60 Tage haben genügt um den Preis um 20% zu drücken, Home Deopt zu nötigen das sie entgegen dem ursprünglichen Plan eine Beteiligung behalten & noch zusätzlich für Schulden geradestehen müssen, die Kreditbestimmungen der Private Equity Käufer fast alle "lockeren Kreditbestimmungen" gestrichen worden sind usw......Sieht ganz so aus als wenn der sog. "Private Equity Put" der angeblich die Märkte nach unten absichert jetzt den Markt 30% tiefer absichert....... Dieser Deal ist fast ne 1:1 Kopie vom modifizierten Daimler/Ceberus/Chrylser Abschluß der Daimler ebenfalls zu ähnlichen Zugeständnissen genötigt hat um endlich Chrysler loszuwerden.
The global credit crunch has begun to put a squeeze on the buyout boom, with banks and private-equity firms forcing Home Depot Inc. to sell its struggling wholesale supply unit for much less than what had been agreed to just two months ago.
Home Depot's board yesterday agreed to sell Home Depot Supply for $8.5 billion to Bain Capital, Carlyle Group and Clayton, Dubilier & Rice, about 18% less than the price hammered out in June when the buyout boom was at its peak.
In addition, Home Depot itself will hold about 12.5% of the unit's equity, people familiar with the matter said, and guarantee some of the debt issued by the banks to finance the acquisition. That's significant because if the banks can't sell the debt in bond markets, and it sits on their balance sheet, they have to mark down its value, which some can ill-afford to do.
Just weeks ago, the buyout boom was a hugely profitable collaboration between private-equity firms and the Wall Street bankers who financed them. Now, amid the credit crunch, some private-equity firms and their bankers are at loggerheads as each camp tries to protect its bottom line, turning previously close allies against each other.
There are an estimated $400 billion in buyout deals working their way through the banking system. Wall Street committed to lend money for these deals as part of its plan to be in the "moving business," of packaging loans and equity stakes in the companies and selling them to investors, spreading out the risk of those transactions. With credit markets largely shut to big transactions, the banks have found themselves back in the old-fashioned "storage business," forced to keep the debt on their balance sheets and mark down its value.

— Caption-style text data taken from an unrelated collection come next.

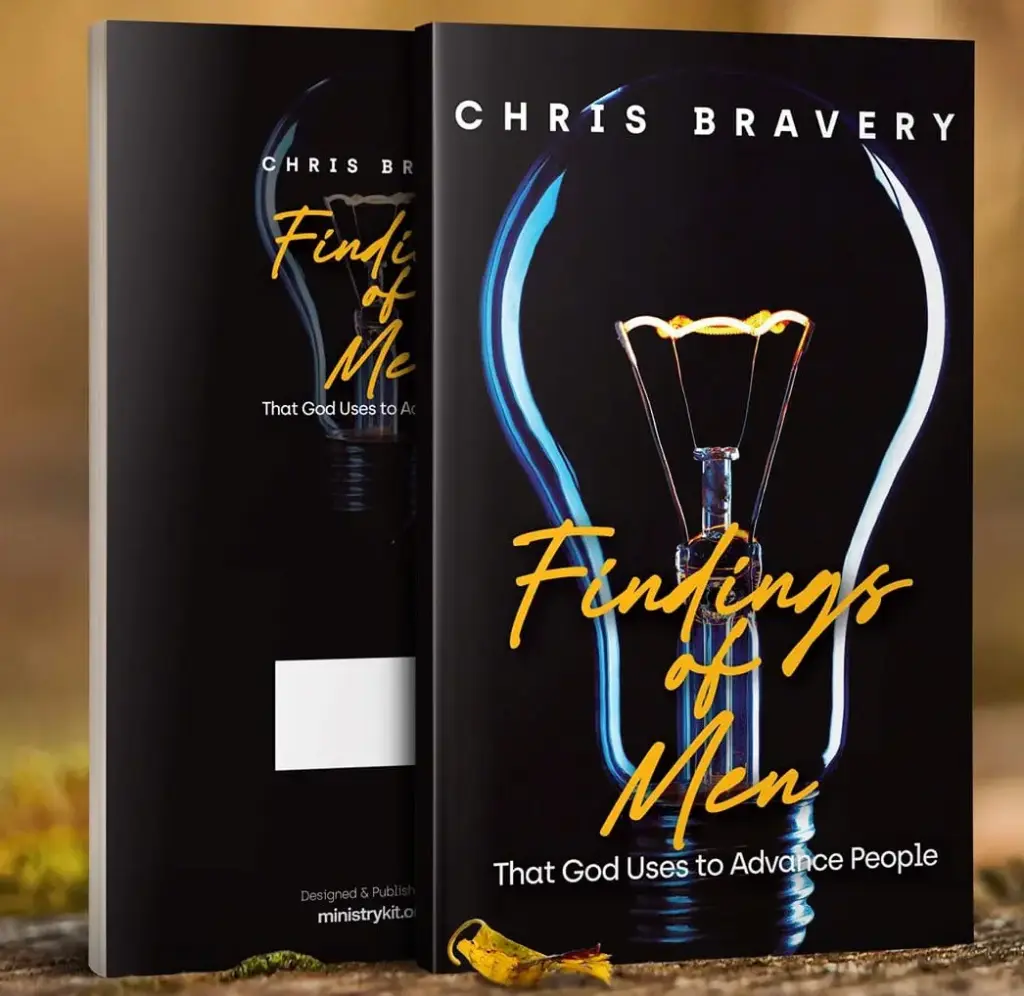 Findings of Men by Chris Bravery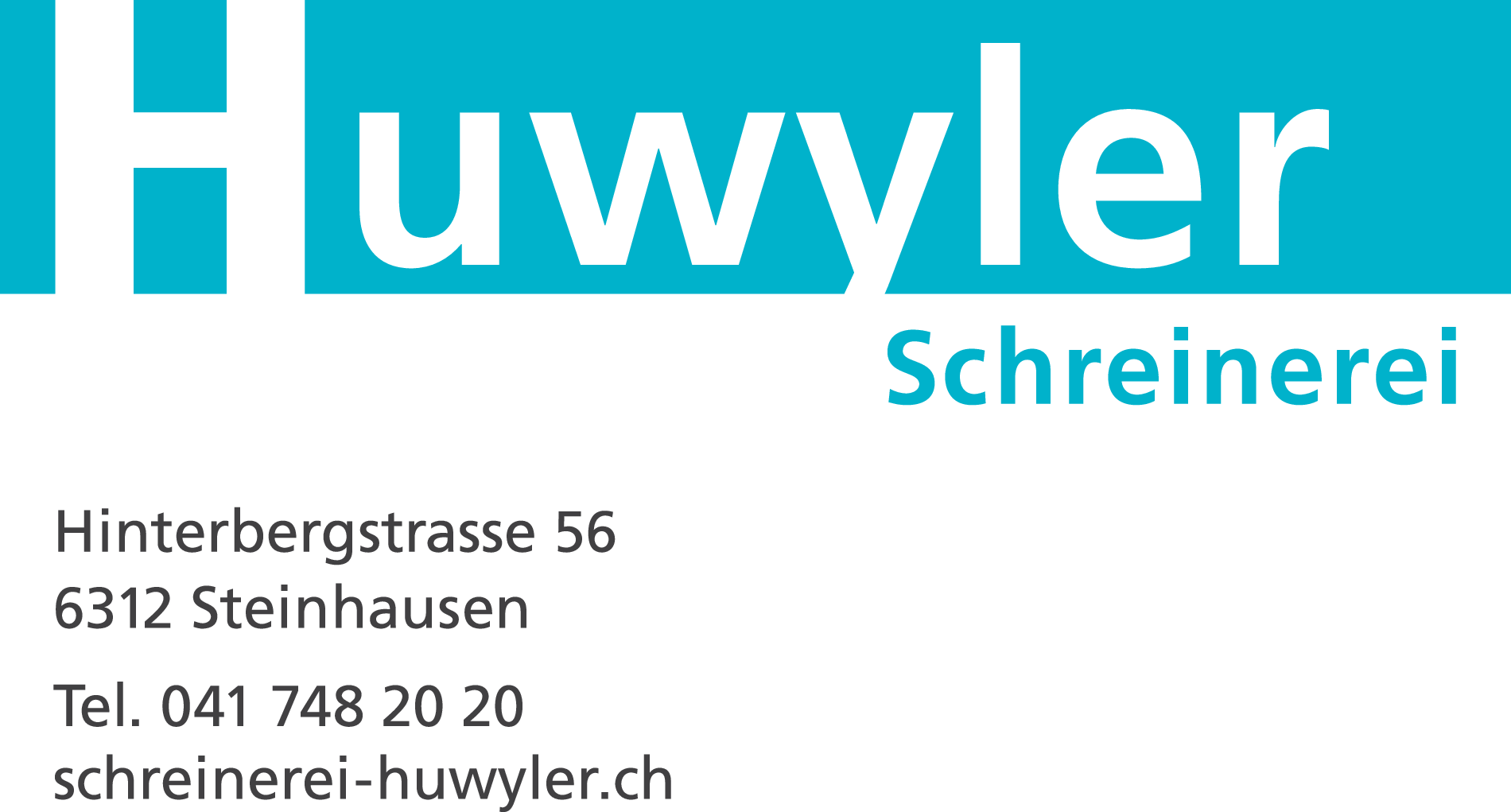 Schreinerei Huwyler AG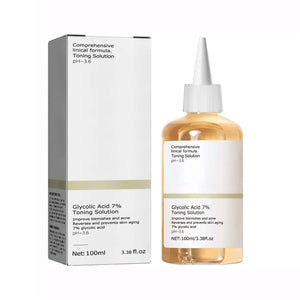 Glycolic Glow™ 7% Toning Solution – Peau Lisse, Pure et Éclatante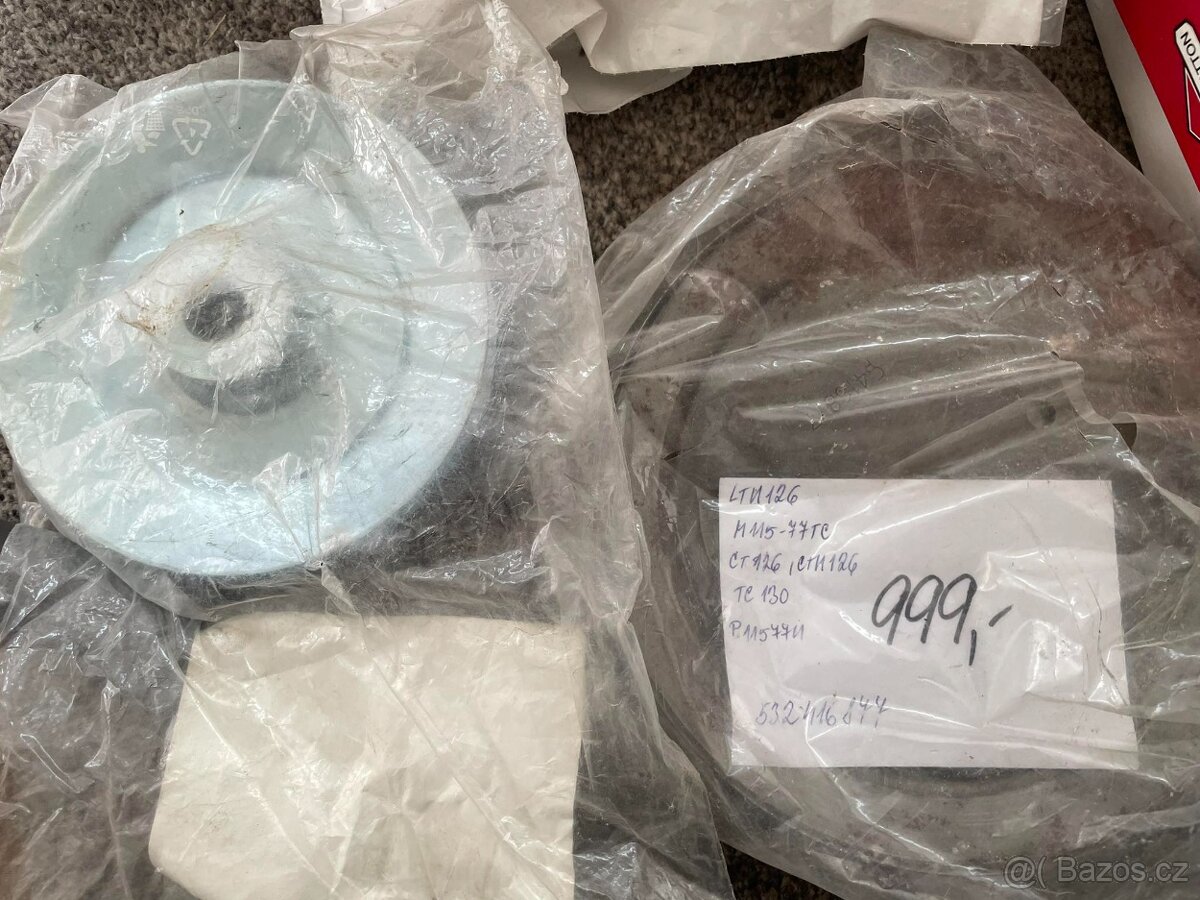 Náhradní díly Husqvarna/Jonsered/Partner/Kawasaki - 4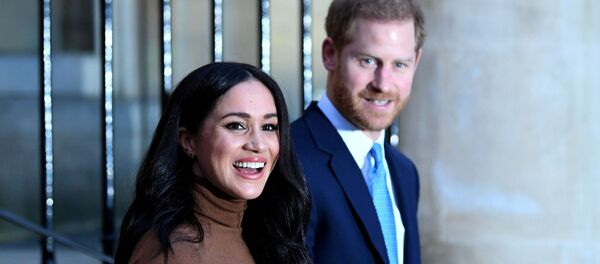 Меган Маркл и принц Гарри - Sputnik Беларусь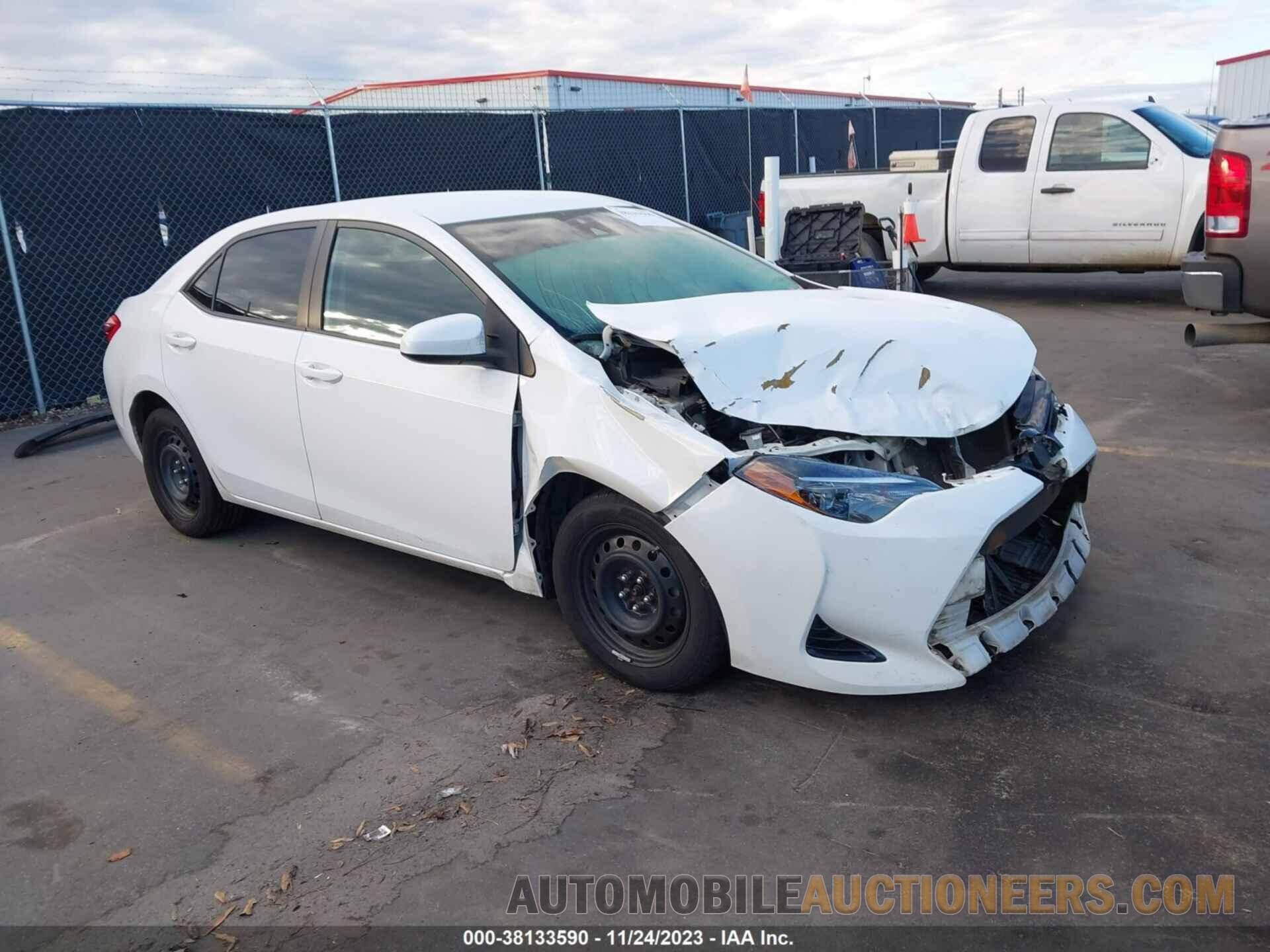 5YFBURHEXHP677396 TOYOTA COROLLA 2017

In the process, the nation's banks might have to absorb tens of billions of dollars of write-downs. Such a toll would add to the pain of the far larger losses they are already toting up from the downturn in real estate and the meltdown in the market for mortgage securities.
That set the stage for the nasty squabble over HD Supply. The banks' argument: If the buyout firms could get a reduction in the price they were paying for the business -- Home Depot previously agreed to cut the price tag for the unit by about $1.3 billion to around $9 billion -- the banks should be able to change the terms of their financing for it and other deals. The buyout firms objected, saying a deal was a deal.
"This is what we pay them for," said one top buyout executive. "This is what underwriting is."
Caught in the middle are the companies that have agreed to be sold to buyout firms. Atlanta-based Home Depot, for instance, is suffering in part because of the downturn in the housing market and had planned to use the proceeds of the HD Supply sale to partially fund a $22.5 billion stock buyback plan. The $8.5 billion price tag will allow the retailer to go ahead with its buyback, a person familiar with the matter said, but it means that Home Depot will have sold the unit for little more than what it had spent to acquire the more than 40 wholesale contracting supply companies that make up the supply unit.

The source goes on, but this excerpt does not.